Sánchez started his career with Argentine club Gimnasia y Esgrima de Jujuy in 1972. By 1979, he moved to Bolivia to play for Guabirá, where in 1980 he became the top-scorer in the Bolivian league for the first time by netting 21 goals; his scoring ability bought him a transfer to Blooming, where he spent the best years of his professional career. Playing for Blooming, he scored 136 goals in five seasons, including the league top-scorer in 1981 and 1983.

In 1984, Sánchez helped Blooming win the Bolivian title, and in 1985 he became the Copa Libertadores topscorer with 11 goals, 6 of which came in an 8–0 victory over Deportivo Italia, which set a Copa Libertadores record.
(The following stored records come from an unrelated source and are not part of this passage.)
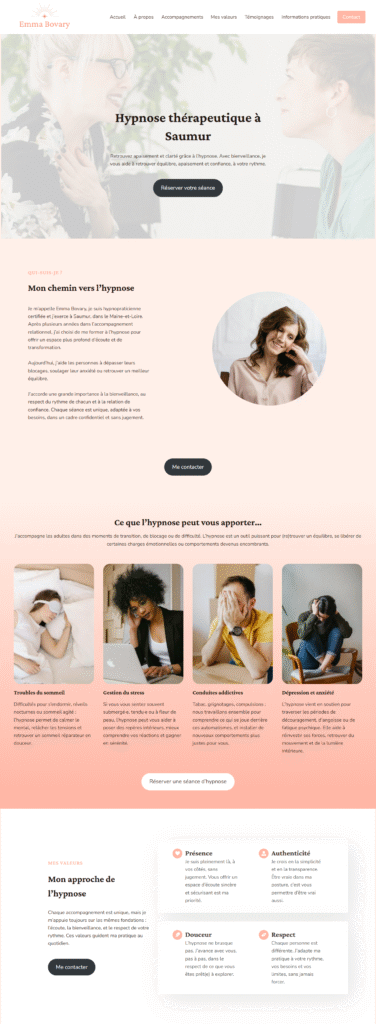 Site pour hypnothérapeute créé par le Studio Rémanences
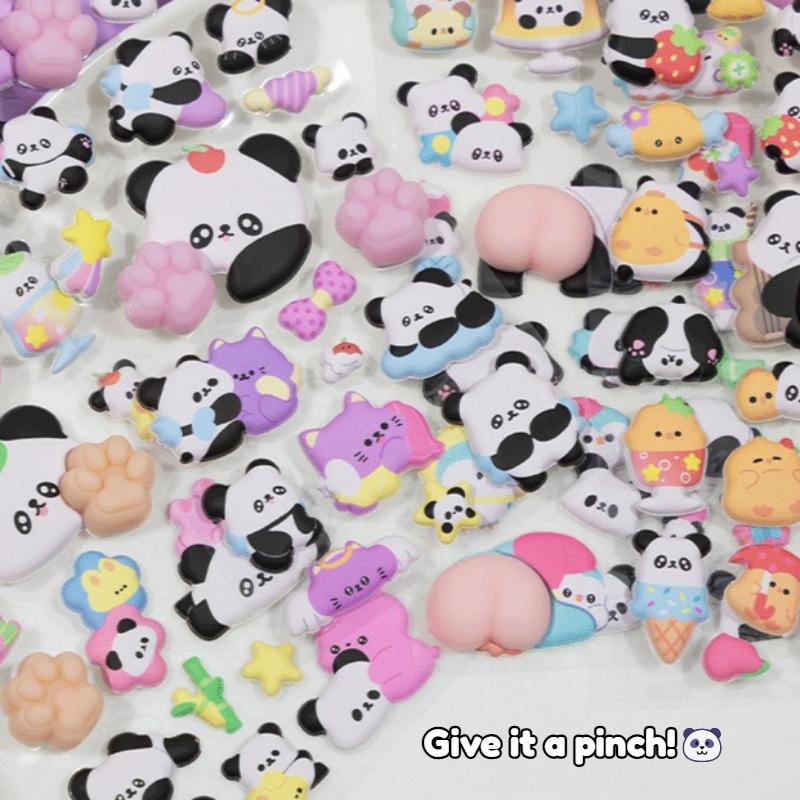 Cute Cartoon 3D Panda Sticker Creative Fun Stress-relieving Rubber Ass Paws Decor Pinch-pinch Phone Case Journal Sticker for kid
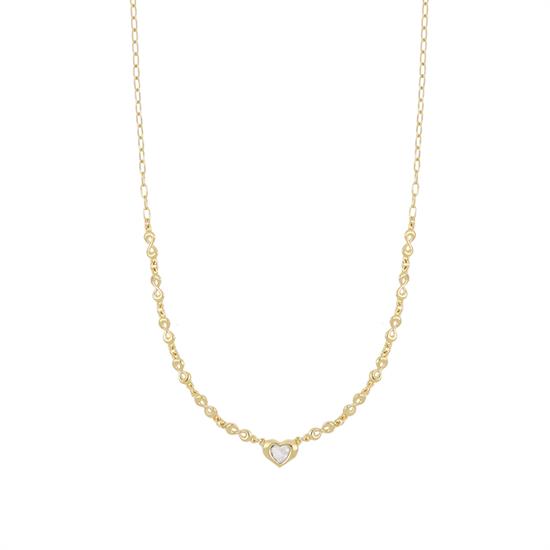 COLLANA CON INFINITI E CENTRALE CUORE CZ BIANCO IN ARGENTO 925°/°°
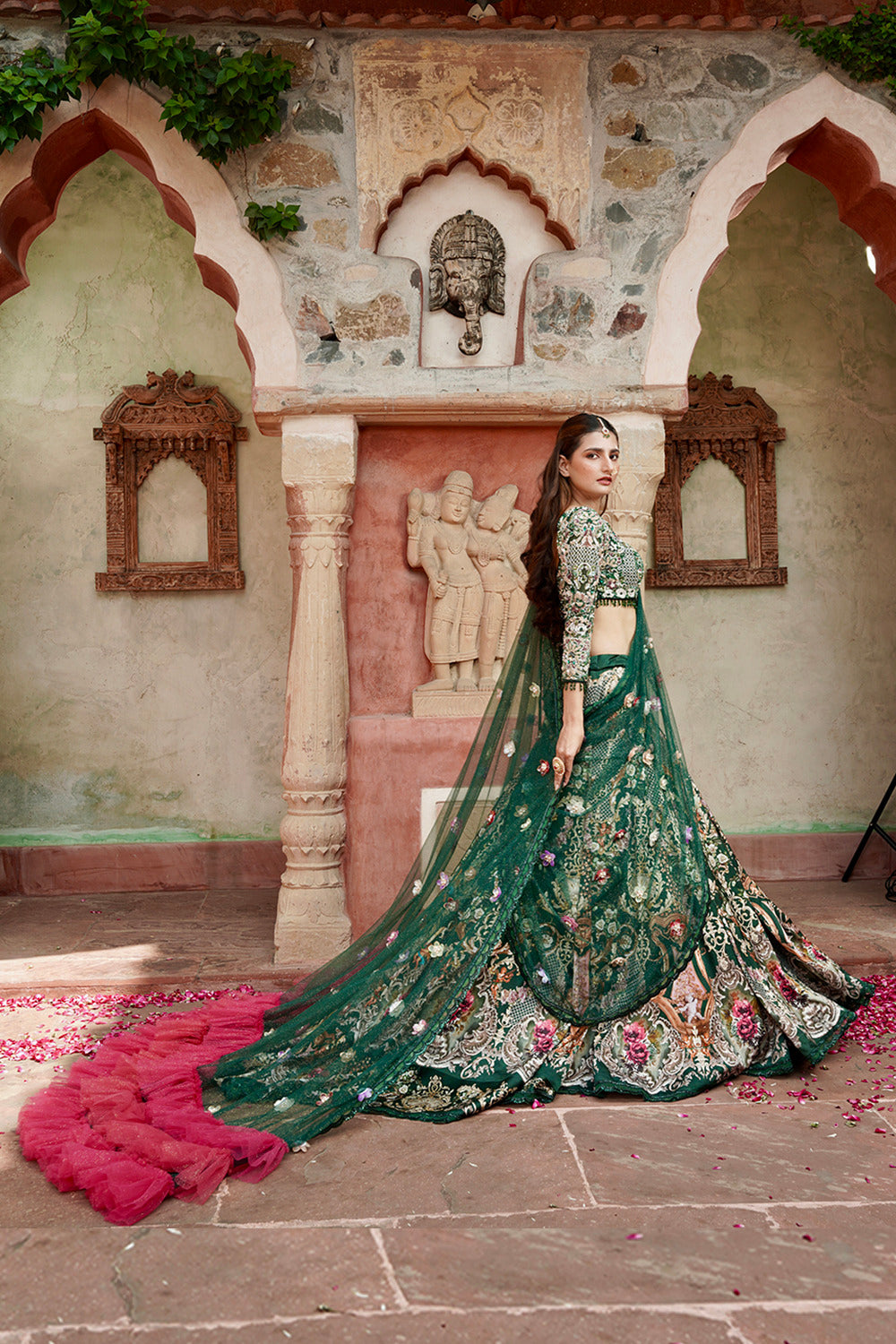 Emerald Green Floral Embroidered Luxury Lehenga Set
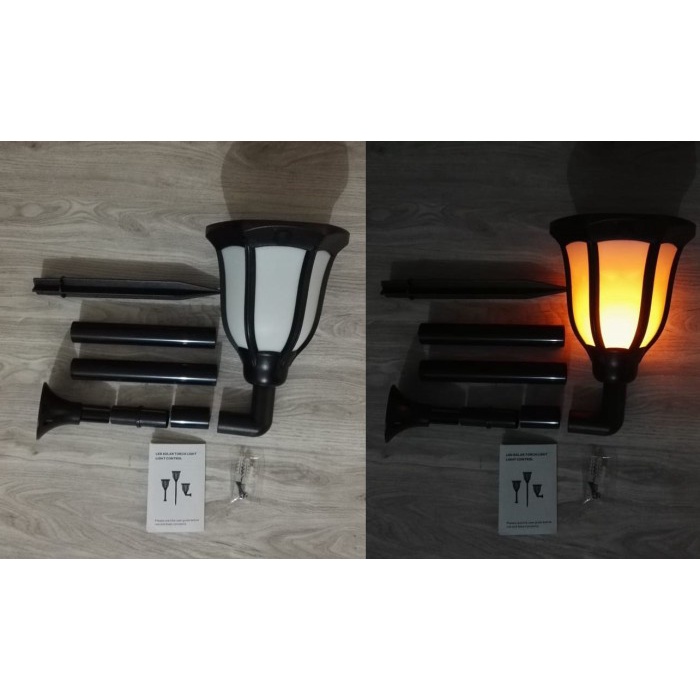 Lamp Lampu Obor Dinding Tenaga Surya Lampu Api Tancap Hias Taman Solar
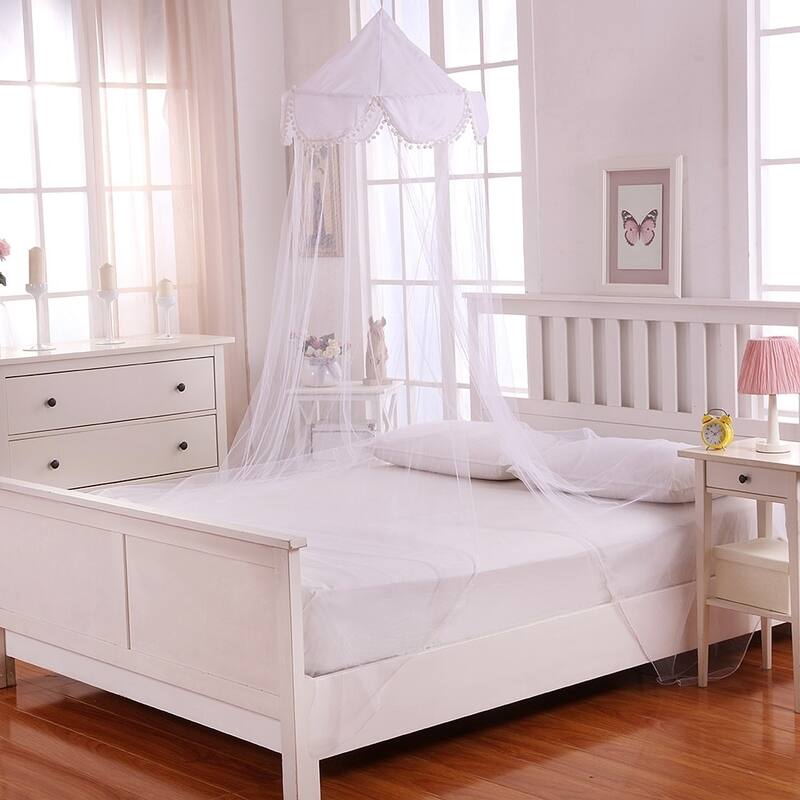 Sheer Pom Pom Collapsible Hoop Kids Bed Canopy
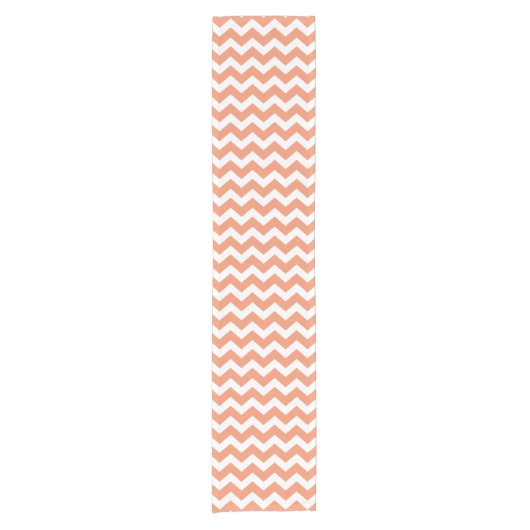 PixDezines DIY kleur koraal verstelbare chevron Korte Tafelloper (Voorkant)
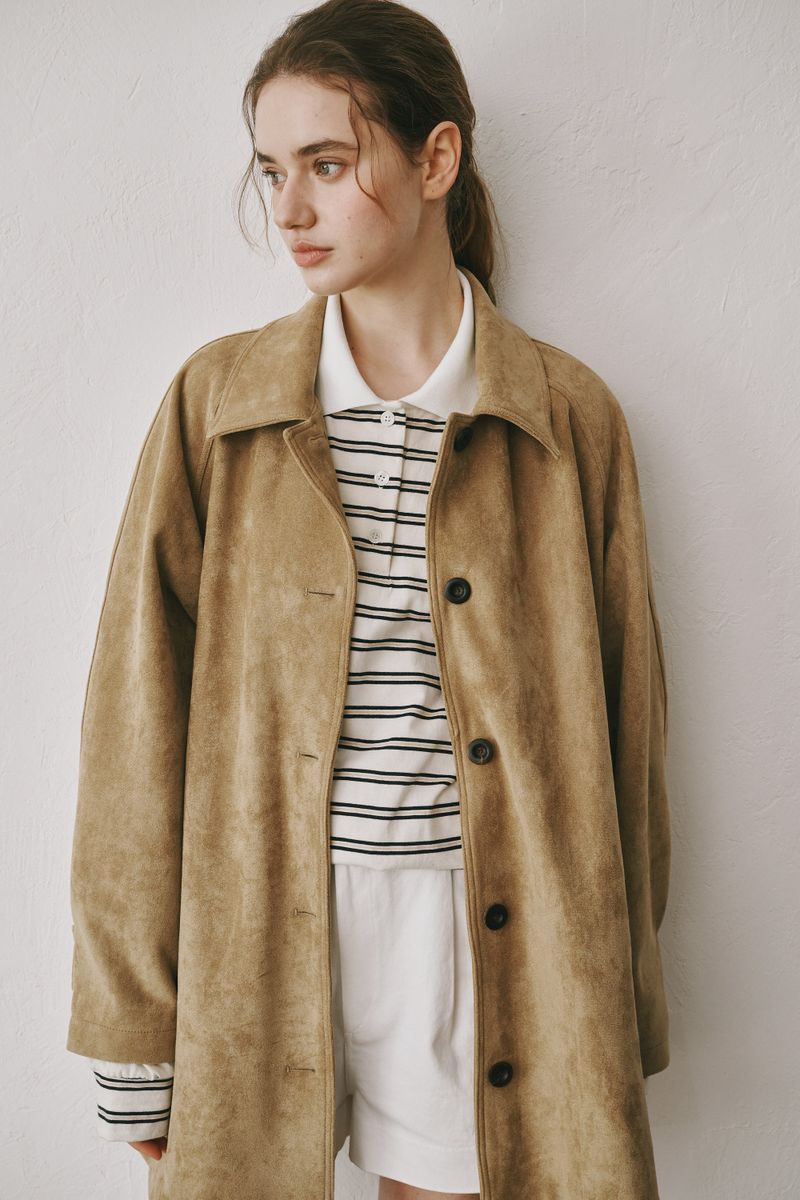 Suede half coat (Beige)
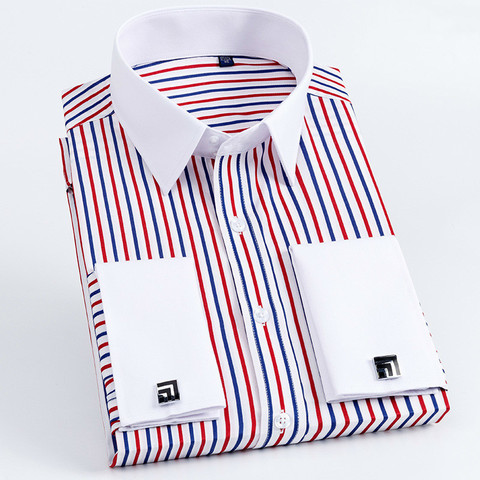 Quality Men Casual Slim Fit Shirt Mens Long Sleeve Business Dress Shirts French Cufflinks Shirt Male Striped Shirt ► Photo 1/6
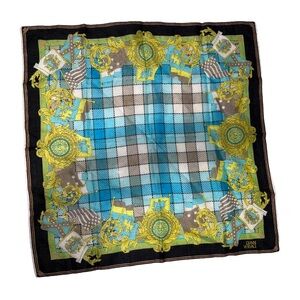 Versace Blue and Yellow Patterned Scarf
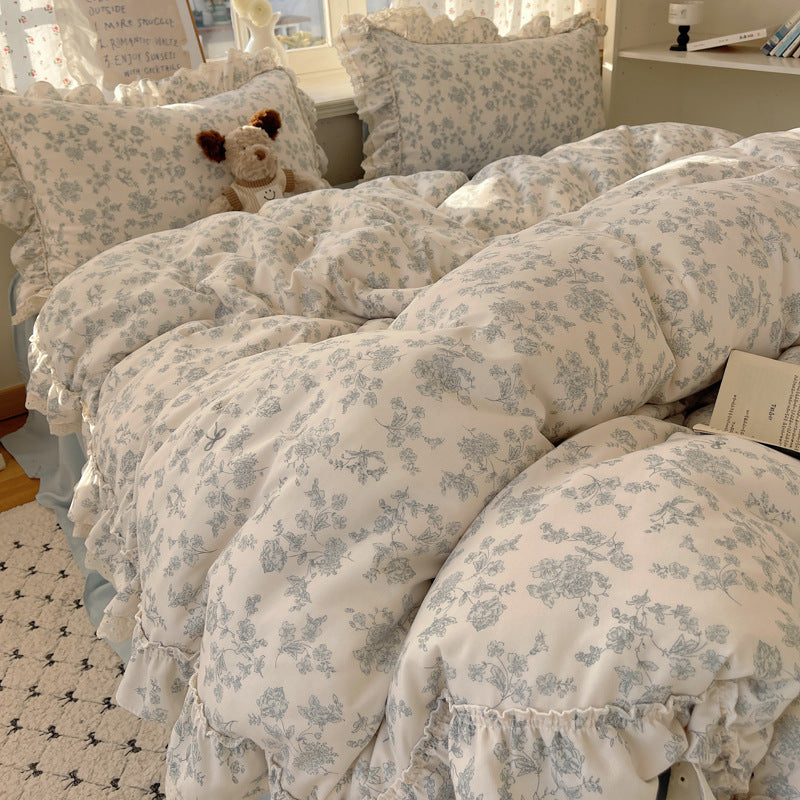 Ruffled Floral Pattern Duvet Cover Set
In 1986, he joined Jorge Wilstermann, but then returned to Blooming in 1987.

Sánchez also had a spell with Deportivo Litoral before joining San José in 1990, where he became topscorer in the Bolivian league for the fourth time in his career.

In 1991, he joined Independiente Petrolero, and then returned to San José to retire at the end of the 1992 season. He scored a total of 263 goals during his professional career, becoming the second all-time top-scorer in Bolivian League history.

Moreover, Sánchez played a total of 53 Copa Libertadores games during his career, scoring 26 goals, which puts him in 8th place in the list of all-time scorers for that competition.

==Club titles==

| Season | Club | Title |
|---|---|---|
| 1984 | Blooming | Liga de Fútbol Profesional Boliviano |

==Honours==

| Season | Club | Title |
|---|---|---|
| 1980 | Guabirá | Liga de Fútbol Profesional Boliviano top scorer: 21 goals |
| 1981 | Blooming | Liga de Fútbol Profesional Boliviano top scorer: 30 goals |
| 1981 | Blooming | Topscorer in South American football: 30 goals |
| 1983 | Blooming | Liga de Fútbol Profesional Boliviano top scorer: 30 goals |
| 1983 | Blooming | Topscorer in South American football: 30 goals |
| 1985 | Blooming | Copa Libertadores top scorer 1985: 11 goals |
| 1990 | San José | Liga de Fútbol Profesional Boliviano top scorer: 20 goals |

==After retirement==

After retirement Sánchez has gone on to coach and manage several teams, he was a coach at Guabirá, assistant manager at Blooming and he has served as the manager of the Bolivia under-17 and under-20 teams. He currently resides in Montero, Bolivia where he runs his own youth football academy.